Medical tests help detect diseases and conditions, but they aren’t perfect. Sometimes, multiple tests exist for the same condition, using different methods. Comparing these tests head-to-head, using a paired study design, allows us to determine if one test outperforms the other, or if a cheaper, less invasive alternative exists. This article outlines methods for comparing two diagnostic tests using R.
Understanding Key Statistical Measures
Comparing diagnostic tests involves calculating several key statistics:
- Sensitivity: The proportion of positive tests among individuals with the disease. A high sensitivity indicates the test effectively identifies those with the condition.
- Specificity: The proportion of negative tests among individuals without the disease. High specificity means the test effectively rules out those without the condition.
- Positive Predictive Value (PPV): The probability of having the disease given a positive test result. PPV answers the question: “If the test is positive, how likely is it that I actually have the disease?”
- Negative Predictive Value (NPV): The probability of not having the disease given a negative test result. NPV answers: “If the test is negative, how likely is it that I truly don’t have the disease?”
Sensitivity and specificity are often used in early test development, while PPV and NPV are more relevant in clinical settings as they provide information about disease status given a test result.
Comparing PPV and NPV with Paired Data
Comparing PPV and NPV requires a paired study design where both tests are performed on the same individuals. The DTComPair package in R offers the pv.rpv() function for this purpose. This function compares the relative difference between PPV or NPV values, providing a more informative comparison than absolute differences.

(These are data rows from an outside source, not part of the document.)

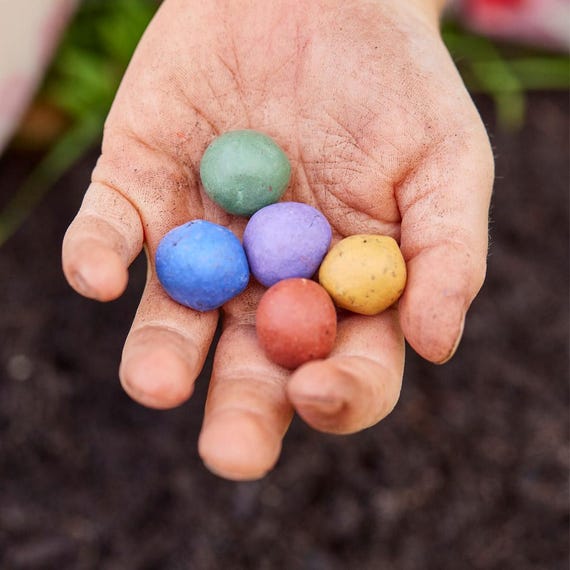 Lot De 10x5 Billes Fleurs Pour Enfants I Idée De Sac Cadeau Pour L' Anniversaire D'un Enfant I Cadeau D'adieu Pour La Garderie I Cadeaux De Fête & Remerciements - France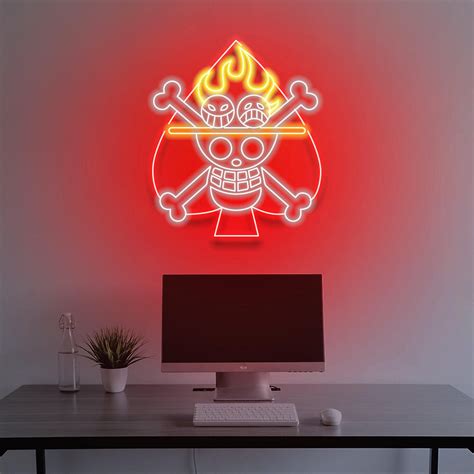 The Portgas D. Ace (Spade Pirates) neon sign is made for all the Ace fans out there! The vibrant ...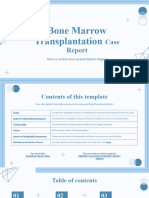Bone Marrow Transplantation Case Report by Slidesgo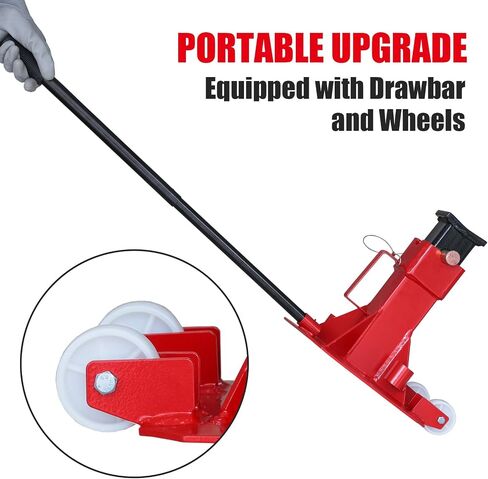 TCE ATZ120005U Torin Heavy Duty Car Jack Stand with Lock, 12 Ton (26,400 lb) Capacity, Red, 1 Pair in Saudi Arabia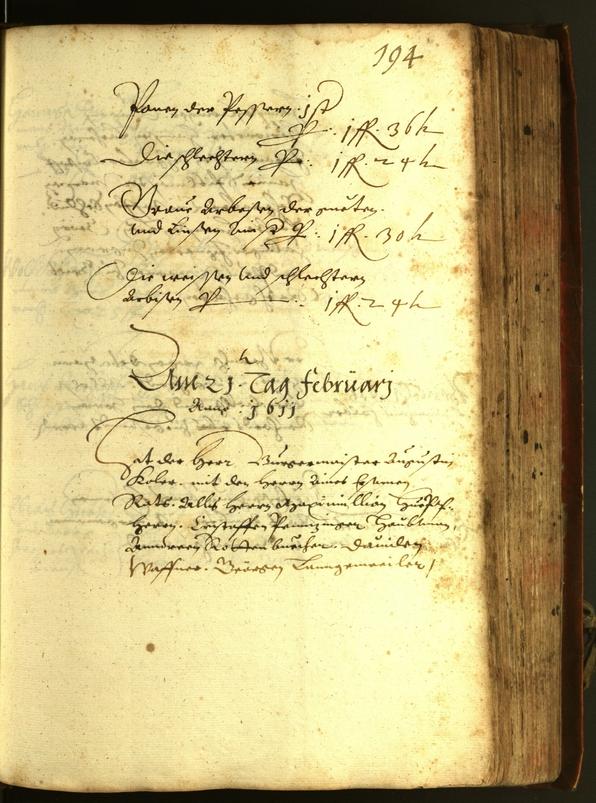 Civic Archives of Bozen-Bolzano - BOhisto Minutes of the council 1611 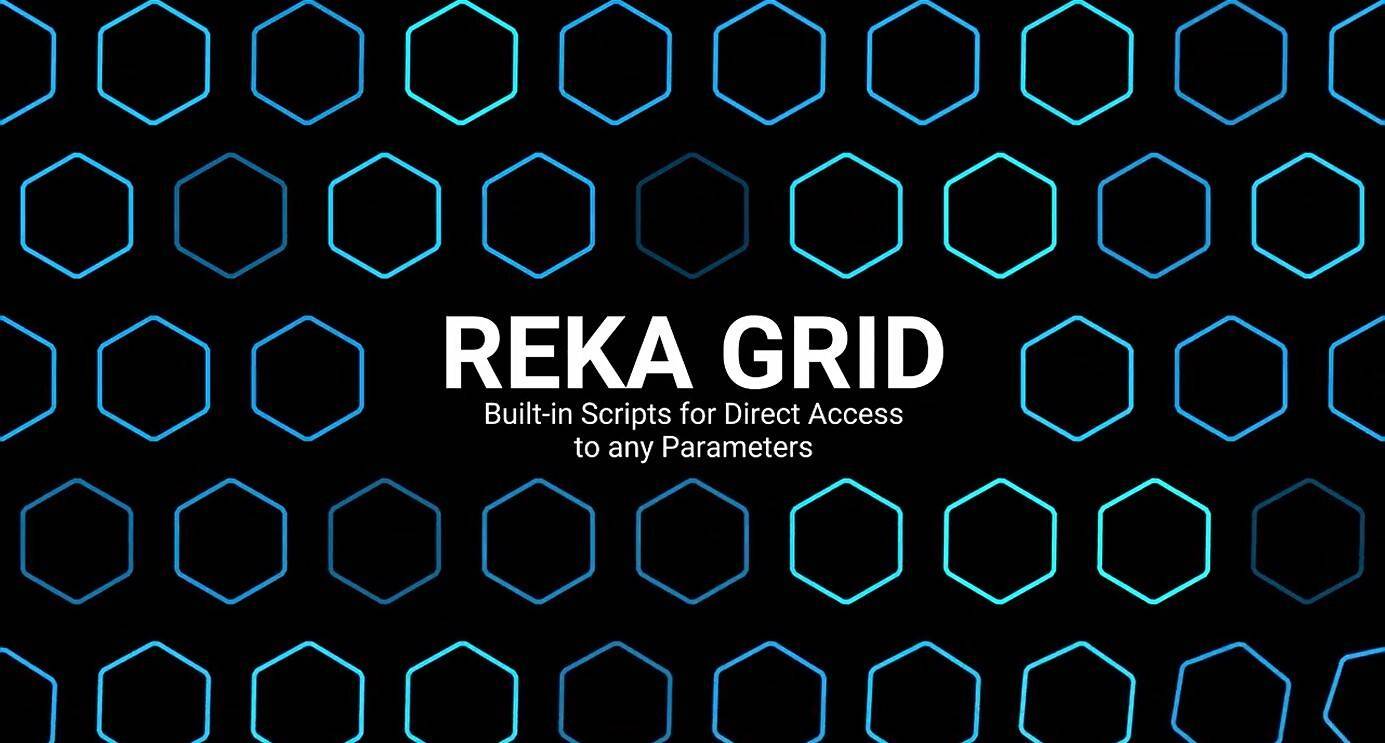 Reka Grid(AE插件-图形矩阵网格排列自定义动画生成器 )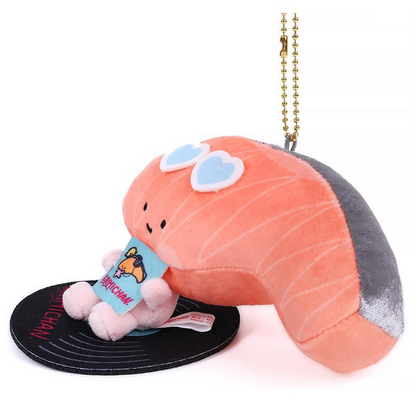 Sanrio三丽鸥｜ Original Mascot Holder - Kirimichan/Gudetama / Summer Festival夏日音乐祭三文鱼切片懒蛋蛋毛绒挂件/包挂｜約11.5 x 10.3 x 8.3cm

The pv.rpv() function requires data formatted using the tab.paired() function, which takes three arguments:
d: Gold standard results (1 = disease present, 0 = disease absent).y1: Results of diagnostic test 1 (1 = positive, 0 = negative).y2: Results of diagnostic test 2 (1 = positive, 0 = negative).
The output of pv.rpv() includes:
- PPV for each test.
- Relative PPV (rPPV), indicating the proportional difference between the PPVs.
- Confidence interval for rPPV.
- Test statistic and p-value for testing the null hypothesis that rPPV equals 1 (no difference).
Comparing Sensitivity and Specificity with McNemar’s Test
The McNemar test, implemented in R using the sesp.mcnemar() function from DTComPair, compares sensitivities and specificities. This test assesses whether the difference in proportions is statistically significant. The function also requires a paired data object created with tab.paired(). To obtain confidence intervals for the differences in sensitivity and specificity, use the sesp.diff.ci() function.
Practical Example: Cystic Fibrosis
Moskowitz and Pepe (2006) compared two prognostic factors for severe respiratory infection in cystic fibrosis patients: a positive culture for Pseudomonas Aeruginosa (PA) and a prior respiratory infection (PEx).
Analysis revealed that PEx exhibited significantly higher sensitivity, PPV, and NPV compared to PA. The pv.rpv() function demonstrated a statistically significant relative difference in PPV, favoring PEx. McNemar’s test confirmed a significant difference in specificity, again favoring PEx.
Conclusion
Comparing diagnostic tests is crucial for determining the most effective and efficient methods for disease detection. By using statistical techniques such as relative PPV comparison with pv.rpv() and McNemar’s test with sesp.mcnemar(), clinicians and researchers can make informed decisions about which diagnostic tests to utilize. The R package DTComPair provides readily available tools for performing these analyses.
References
- Stock C, Hielscher T (2014). DTComPair: comparison of binary diagnostic tests in a paired study design. R package version 1.0.3.
- McNemar Q. (1947). Note on the sampling error of the difference between correlated proportions or percentages. Psychometrika, 12(2):153-7.
- Moskowitz CS, and Pepe MS (2006). Comparing the predictive values of diagnostic tests: sample size and analysis for paired study designs. Clin Trials, 3(3):272-9.
- R Core Team (2021). R: A language and environment for statistical computing. R Foundation for Statistical Computing, Vienna, Austria.
- “Evaluating Risk Prediction with ROC Curves.” Columbia Public Health.